Mas se a Síria recebeu muito mal o desplante da abertura da representação, a Turquia não lhe ficou atrás – uma vez que persegue tudo o que tem a ver com os curdos. Refira-se, a propósito, que os curdos já tiveram no passado (nos anos de 1990) um escritório de representação em Genebra.

A autonomia é de facto liderada por um partido curdo, o PYD (Partido de União Democrática), que, segundo a Turquia, é próximo do PKK, o Partido dos Trabalhadores do Curdistão, uma organização política armada que Ancara considera terrorista, costumando insistir com a comunidade internacional para que faça o mesmo.

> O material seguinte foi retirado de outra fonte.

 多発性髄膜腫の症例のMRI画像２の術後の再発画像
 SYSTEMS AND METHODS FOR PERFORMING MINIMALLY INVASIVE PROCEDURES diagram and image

Vários analistas consideram que a abertura das portas das negociações à presença da AANES é o mínimo que a comunidade internacional pode fazer em relação à Síria, mas nada indica que quer o governo de al-Assad quer o de Recep Erdogan aceitem o ‘descaramento’.

Entretanto, e sem que a notícia tenha despertado o interesse do Ocidente, Bashar al-Assad esteve na semana passada na Rússia, tendo sido demoradamente recebido pelo seu homólogo Vladimir Putin. Oficialmente, o governo russo – que é principal apoiante do regime sírio – explicou que o encontro serviu para lançar bases mais sólidas para a cooperação económica, mas os analistas afirmam que a-Assad, tendo percebido que uma parte do mundo (União Europeia e Estados Unidos incluídos) não tem por ele qualquer apresso, está a tentar cimentar a sua posição com o auxílio dos poucos países que ainda o toleram – e onde se conta também o Irão e a que se acrescenta uma espécie de indiferença da parte da Liga Árabe.